WORK TO COMPLETE:
Find each line of the material below in which the word "Kadın" occurs, and return it.

RECORDED INFORMATION:
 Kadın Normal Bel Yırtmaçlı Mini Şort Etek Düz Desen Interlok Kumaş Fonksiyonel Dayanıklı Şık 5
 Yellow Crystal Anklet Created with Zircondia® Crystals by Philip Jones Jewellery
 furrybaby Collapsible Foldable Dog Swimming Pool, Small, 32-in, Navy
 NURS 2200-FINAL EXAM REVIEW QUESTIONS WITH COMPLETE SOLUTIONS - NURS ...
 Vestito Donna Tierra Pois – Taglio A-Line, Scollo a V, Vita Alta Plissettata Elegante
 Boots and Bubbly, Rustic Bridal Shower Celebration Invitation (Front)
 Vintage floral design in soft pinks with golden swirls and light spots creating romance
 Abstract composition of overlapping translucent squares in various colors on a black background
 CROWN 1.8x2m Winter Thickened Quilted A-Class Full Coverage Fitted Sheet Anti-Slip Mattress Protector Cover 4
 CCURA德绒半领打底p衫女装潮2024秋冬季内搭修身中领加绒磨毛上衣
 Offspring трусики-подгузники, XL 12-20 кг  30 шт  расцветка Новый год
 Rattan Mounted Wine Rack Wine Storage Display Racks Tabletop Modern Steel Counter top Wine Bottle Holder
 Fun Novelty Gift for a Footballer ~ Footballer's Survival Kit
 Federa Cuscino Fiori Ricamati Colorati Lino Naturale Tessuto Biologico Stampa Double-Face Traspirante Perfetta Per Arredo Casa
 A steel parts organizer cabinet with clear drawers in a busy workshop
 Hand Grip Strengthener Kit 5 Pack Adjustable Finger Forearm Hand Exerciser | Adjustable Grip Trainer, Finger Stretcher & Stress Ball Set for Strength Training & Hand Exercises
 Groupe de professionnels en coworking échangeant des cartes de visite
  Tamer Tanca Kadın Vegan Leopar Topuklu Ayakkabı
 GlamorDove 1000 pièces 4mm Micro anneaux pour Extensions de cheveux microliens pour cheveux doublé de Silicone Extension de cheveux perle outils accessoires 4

EXERCISE RESPONSE:
 Kadın Normal Bel Yırtmaçlı Mini Şort Etek Düz Desen Interlok Kumaş Fonksiyonel Dayanıklı Şık 5
  Tamer Tanca Kadın Vegan Leopar Topuklu Ayakkabı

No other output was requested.